Ко мне по-разному относятся в разных странах. Поляки, скажем, воспринимают мои тексты как литературу из прошлого, когда еще была большая литература мессианско-метафизического характера. На мессианство я особо не претендую, но метафизика меня волнует больше, нежели все остальное.
В своих книгах мне хочется представить различные мировоззрения, и не все они метафизичны. Скажем, Эстерне из “Меланхолии сопротивления” совсем далека от метафизики. Посмотрите на людей в этом баре: они непохожи друг на друга, и в жизни для них разные вещи являются главными. Как писатель я должен учесть всех. Кто-то о “ягуаре” мечтает, и встреча с Богом нужна ему лишь для воплощения этой мечты. А кому-то все равно, есть у него “форд” последней модели или нет. В романе все эти люди получают свой голос. И у меня глаз так устроен, что я все вижу и чувствую, иначе бы я не был писателем.
Когда я рос, прикоснуться к этим по-настоящему важным вещам можно было только через русскую литературу. Остальные источники были запрещены. Я уже говорил про интерес к философии, которая в годы моего студенчества была доступна только в марксистском варианте. Хотя и это неплохо. Сейчас настоящих левых, к сожалению, больше нет. Нет тех, кто бы понимал Маркса. Что бы о нем ни говорили, мало кто может сравниться с ним в анализе исторических процессов. Маркс обладал уникальной прозорливостью, сейчас, по прошествии двадцати лет, уже можно об этом здраво судить, и камнями не забросают.
Возвращаясь к Достоевскому, я ведь читал его в переводах, а это значит, знал совсем другого Достоевского. Как в истории с новым немецким переводом Достоевского Светланы Гайер — я ее знал. Она говорила: “Вы не представляете, каков Достоевский на самом деле”. А немцы, как мы, венгры, привыкли к сглаженным, высокопарным переводам Достоевского. Мы и подумать не могли, что у него могут быть какие-то стилистические шероховатости. Когда же Гайер перевела на немецкий всю эту его расхлябанность, на нее стали нападать, мол, не может быть Достоевский таким небрежным.
Так же и с Прустом. В юности я прочел первые два тома в переводе Альберта Дёрдяи, других не было, а потом, когда взялся за остальные в оригинале, понял, что читал совсем другого Пруста.
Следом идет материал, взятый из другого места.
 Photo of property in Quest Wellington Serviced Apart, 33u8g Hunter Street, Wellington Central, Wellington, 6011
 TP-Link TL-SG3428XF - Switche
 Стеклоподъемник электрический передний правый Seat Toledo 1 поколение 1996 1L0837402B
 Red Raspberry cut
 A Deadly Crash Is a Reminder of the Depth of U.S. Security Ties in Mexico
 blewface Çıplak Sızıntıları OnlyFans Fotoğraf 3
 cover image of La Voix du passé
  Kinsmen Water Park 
Но мне так хотелось его прочесть, что я постепенно, вчитываясь в текст, выучил французский.
Та же история с Фолкнером. В венгерском варианте он получился слишком пафосным, хотя английский язык вообще пафоса не допускает. Получается, что Фолкнера не любят в Венгрии из-за преувеличенной патетики его переводов. Мои тексты тоже меняются от языка к языку. На испанском языке (спасибо Карпентьеру!) получаются такие замысловатые барочные предложения, что не очень похоже на меня, но, когда читают испанский перевод моей книги вслух, получается хорошо.
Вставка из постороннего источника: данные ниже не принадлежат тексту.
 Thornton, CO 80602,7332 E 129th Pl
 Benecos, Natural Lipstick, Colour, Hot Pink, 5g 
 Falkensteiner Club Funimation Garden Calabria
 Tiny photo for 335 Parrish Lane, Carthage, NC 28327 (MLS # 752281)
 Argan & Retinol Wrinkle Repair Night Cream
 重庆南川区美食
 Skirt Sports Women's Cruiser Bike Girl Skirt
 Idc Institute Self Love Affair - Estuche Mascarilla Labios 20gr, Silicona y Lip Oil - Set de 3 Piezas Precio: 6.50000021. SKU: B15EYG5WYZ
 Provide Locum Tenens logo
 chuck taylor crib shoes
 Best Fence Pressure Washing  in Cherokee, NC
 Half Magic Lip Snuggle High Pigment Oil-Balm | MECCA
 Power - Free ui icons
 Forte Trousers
Вообще, самое важное в искусстве — ничем не обусловленный момент узнавания, которому ничто не предшествует, но сердце сжимается. Без него литература невозможна. И этот момент всегда сопряжен со страданием. Как у ученых, когда они бьются над решением какой-то задачи — и вдруг приходит озарение. То же и в музыке. Есть такое у Шостаковича, например: слушаешь — и вдруг замирает сердце. Момент просветления, недостижимый путем логических рассуждений. Момент, когда человек, запертый в своем существовании, выходит за пределы времени. Нужна молния, вспышка прозрения. В конечном счете, время — не главное. Это всего лишь средство — нужна же нам хоть какая-то система координат, вот и возникли настоящее, прошедшее и будущее, а на самом деле времени нет.